Models (checkpoints)
- Create a folder named 'checkpoints' in the root directory
- Download ALL files and subfolders from Hugging Face and put them under the new 'checkpoints' folder, preserving the original structure:
  https://huggingface.co/IndexTeam/IndexTTS-2/tree/main

  Optional, if auto-cached online if missing:

- **Additional required files for local loading** (download these separately):

  - W2V-BERT-2.0 feature extractor/model (download from: https://huggingface.co/facebook/w2v-bert-2.0):
    - Download the entire repository contents and place them under: `checkpoints/w2v-bert-2.0/`
  - BigVGAN files (download from: https://huggingface.co/nvidia/bigvgan_v2_22khz_80band_256x):
    - Download file: `config.json` → place in: `checkpoints/bigvgan/`
    - Download file: `bigvgan_generator.pt` → place in: `checkpoints/bigvgan/`
  - Semantic codec (download from: https://huggingface.co/amphion/MaskGCT/tree/main):
    - Download file: `semantic_codec/model.safetensors` → place in: `checkpoints/semantic_codec/`
  - CAMPPlus model (download from: https://huggingface.co/funasr/campplus/tree/main):
    - Download file: `campplus_cn_common.bin` → place in: `checkpoints/`
- Complete checkpoints folder structure:
  ```
  ComfyUI/custom_nodes/ComfyUI-IndexTTS2/checkpoints/
  ├── config.yaml
  ├── gpt.pth
  ├── s2mel.pth
  ├── bpe.model
  ├── feat1.pt
  ├── feat2.pt
  ├── wav2vec2bert_stats.pt
  ├── campplus_cn_common.bin
  ├── bigvgan/
  │   ├── config.json
  │   └── bigvgan_generator.pt
  ├── semantic_codec/
  │   └── model.safetensors
  └── qwen0.6bemo4-merge/          (required only for Text -> Emotion node)
      └── [all Qwen model files]
  ├── w2v-bert-2.0/
      └── [all bert files]
  ```

**Important**: The updated code now uses local model files by default for offline usage and faster loading.

Nodes
- IndexTTS2 Simple
  - Inputs: audio (speaker), text, emotion_control_weight (0.0-1.0), emotion_audio (optional), emotion_vector (optional)
  - Outputs: AUDIO (for Preview/Save), STRING (emotion source message)

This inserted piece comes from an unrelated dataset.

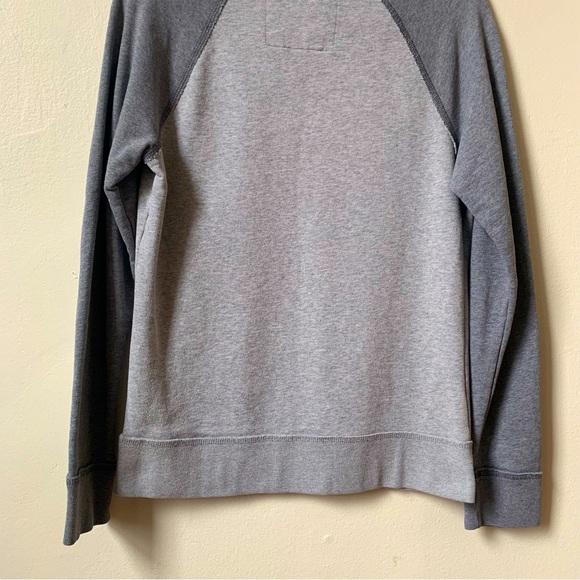 Aeropostale—Gray Color-Block Raglan Crewneck Sweatshirt (Size Small) - Picture 4 of 5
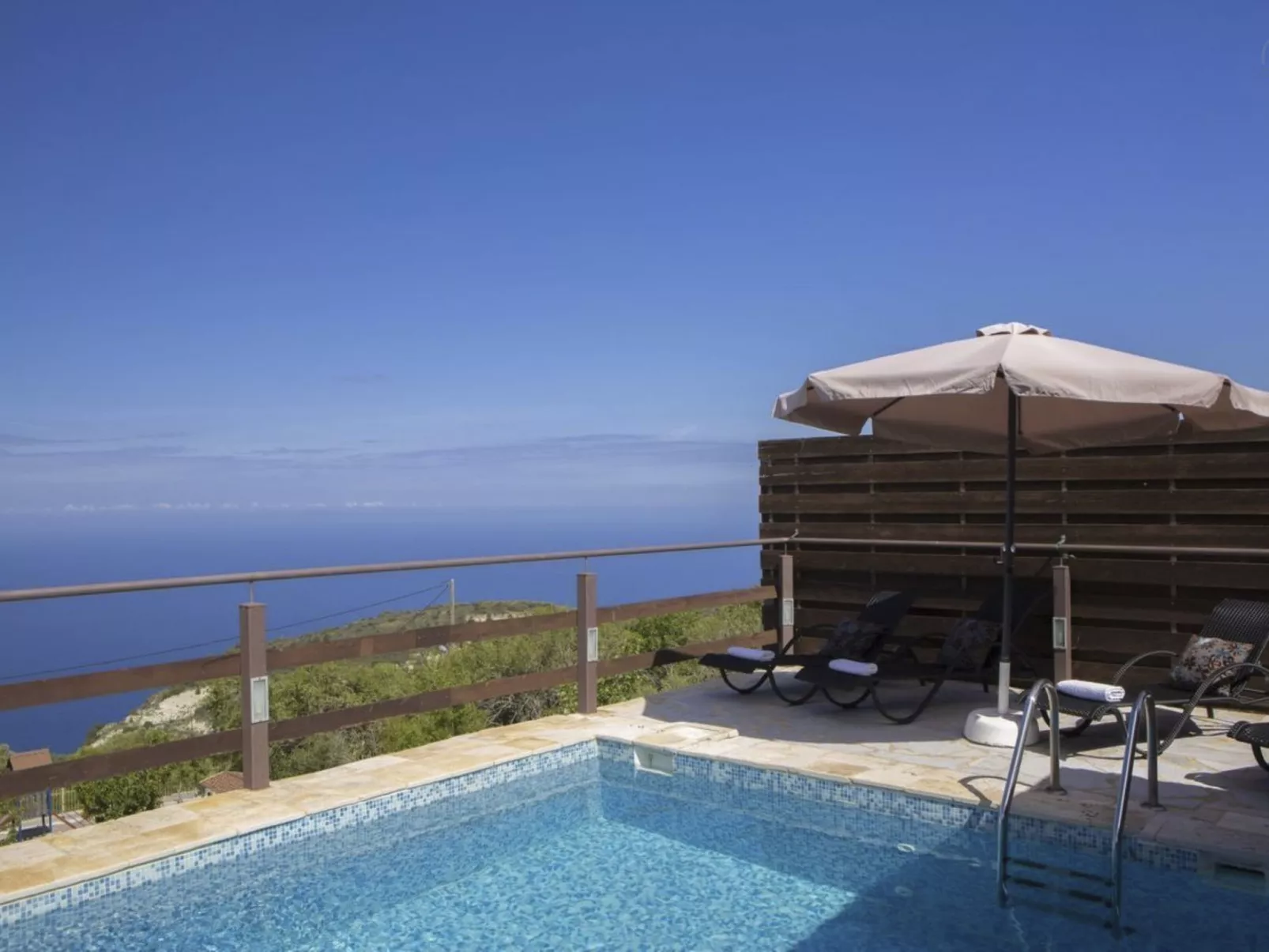 Schönes Haus in Apollonii mit privatem Pool-Buiten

  - Notes: device auto-detected, FP16 on CUDA, 200 ms pause between segments (fixed), emotion precedence = vector > second audio > original audio

- IndexTTS2 Emotion Vector
  - 8 sliders (0.0-1.4) for: happy, angry, sad, afraid, disgusted, melancholic, surprised, calm
  - Constraint: sum of sliders must be <= 1.5 (no auto-scaling)
  - Output: EMOTION_VECTOR

- IndexTTS2 Emotion From Text (optional)
  - Input: short descriptive text
  - Requires: modelscope and local QwenEmotion at checkpoints/qwen0.6bemo4-merge/
  - Outputs: EMOTION_VECTOR, STRING summary

Examples
- Basic: Load Audio -> IndexTTS2 Simple -> Preview/Save Audio
- Second audio emotion: Load Audio (speaker) + Load Audio (emotion) -> IndexTTS2 Simple -> Save
- Vector emotion: IndexTTS2 Emotion Vector -> IndexTTS2 Simple -> Save
- Text emotion: IndexTTS2 Emotion From Text -> IndexTTS2 Simple -> Save

![ComfyUI-IndexTTS2 nodes](images/overview.png)

Troubleshooting
- Tested only in Windows. DeepSpeed disabled.
- Emotion vector sum exceeds maximum 1.5: lower one or more sliders or adjust the text-derived vector.
- BigVGAN kernel message: custom CUDA kernel is disabled by default; falls back to PyTorch ops.
- **Missing 'wetext' module**: Run `pip install wetext` to fix this Windows-specific dependency.
- **404 Repository Not Found errors**: Ensure all additional model files are downloaded to your checkpoints folder as described above.
- **Model loading issues**: Verify your checkpoints folder contains all required files with the correct directory structure.

**Expected Output**: When working correctly, you should see messages like:
- `Loading config.json from local directory`
- `Loading weights from local directory`
- All model paths pointing to your local checkpoints folder

**Performance**: The system processes audio through 4 stages (Text → GPT → S2Mel → BigVGAN). Multiple progress bars and tensor size outputs are normal during inference.